- **Problem to solve**:
Please set down exactly the lines from the one containing "<strong>Hutchison guard Maddie" through the last line of the records below, both included, with no pictures.

__________________________________________________

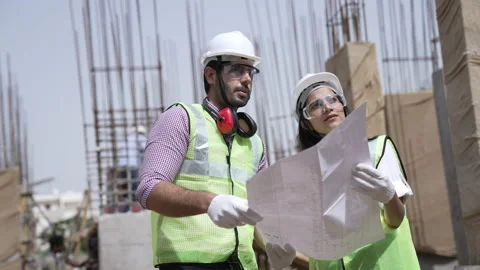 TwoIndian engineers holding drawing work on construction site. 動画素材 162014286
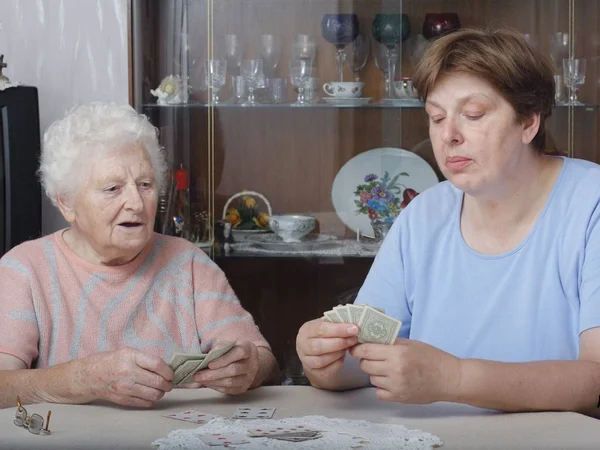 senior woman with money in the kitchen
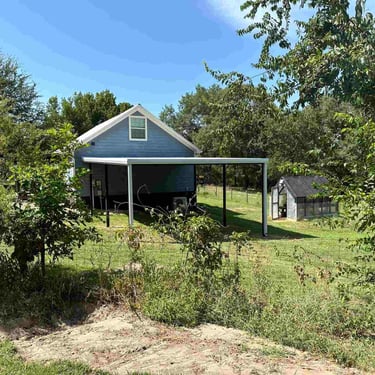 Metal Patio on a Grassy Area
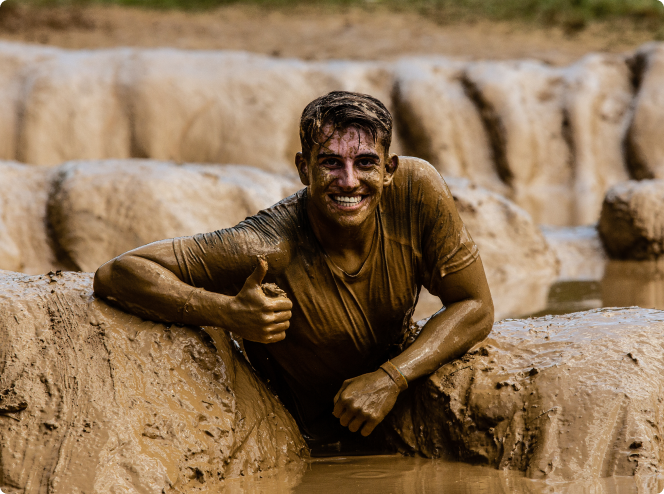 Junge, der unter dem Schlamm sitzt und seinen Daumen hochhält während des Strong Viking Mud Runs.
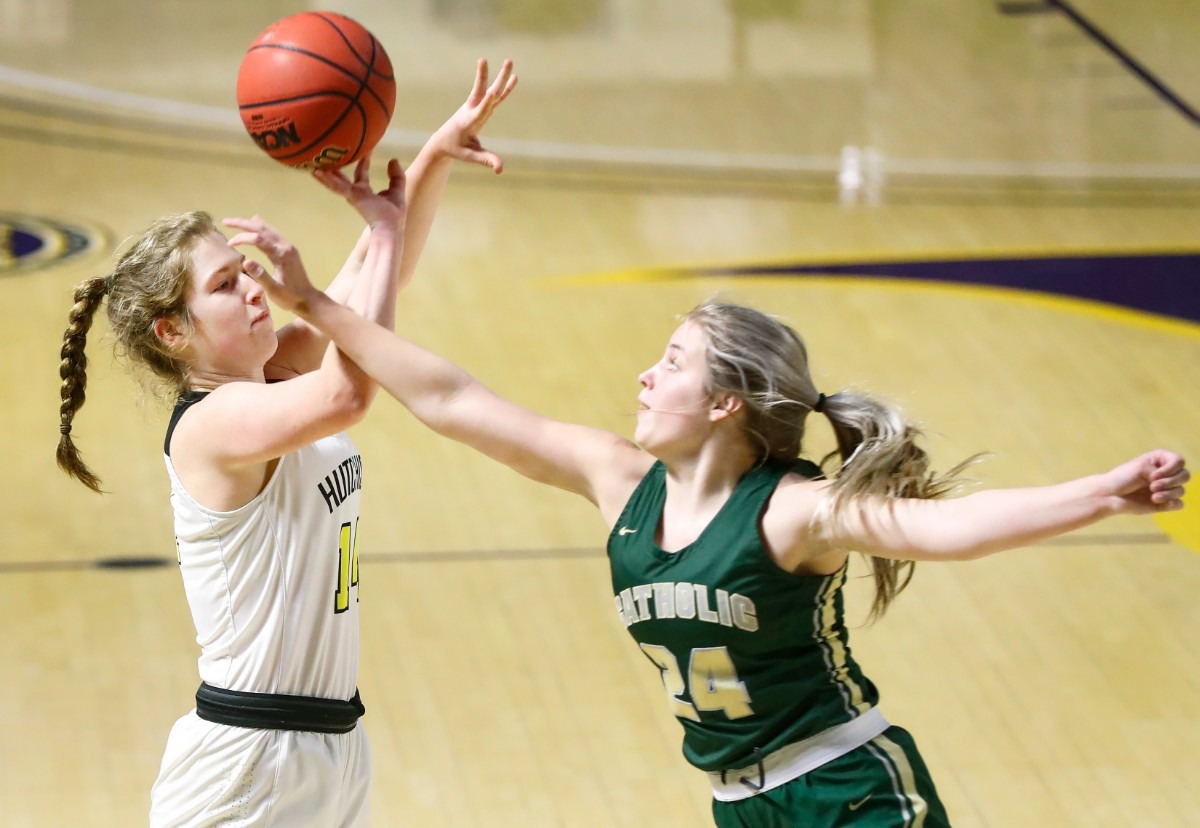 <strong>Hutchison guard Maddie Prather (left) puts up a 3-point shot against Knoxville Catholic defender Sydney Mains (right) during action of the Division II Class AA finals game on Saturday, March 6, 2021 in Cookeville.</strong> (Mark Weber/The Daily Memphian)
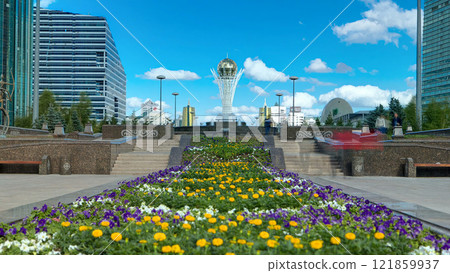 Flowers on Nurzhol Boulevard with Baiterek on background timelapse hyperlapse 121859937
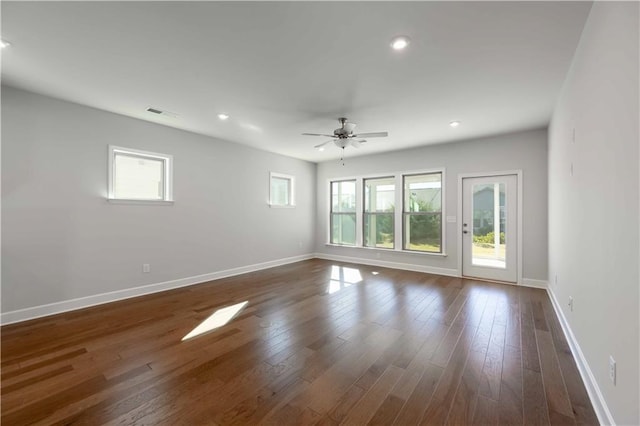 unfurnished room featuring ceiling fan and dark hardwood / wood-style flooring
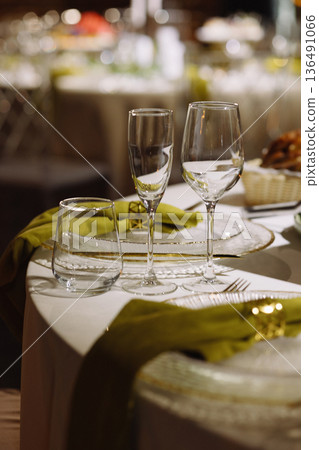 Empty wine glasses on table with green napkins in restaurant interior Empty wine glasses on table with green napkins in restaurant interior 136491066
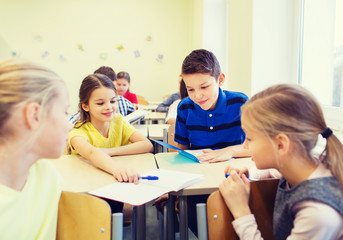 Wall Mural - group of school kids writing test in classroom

__________________________________________________

- **Output**:
 <strong>Hutchison guard Maddie Prather (left) puts up a 3-point shot against Knoxville Catholic defender Sydney Mains (right) during action of the Division II Class AA finals game on Saturday, March 6, 2021 in Cookeville.</strong> (Mark Weber/The Daily Memphian)
 Flowers on Nurzhol Boulevard with Baiterek on background timelapse hyperlapse 121859937
 unfurnished room featuring ceiling fan and dark hardwood / wood-style flooring
 Empty wine glasses on table with green napkins in restaurant interior Empty wine glasses on table with green napkins in restaurant interior 136491066
 Wall Mural - group of school kids writing test in classroom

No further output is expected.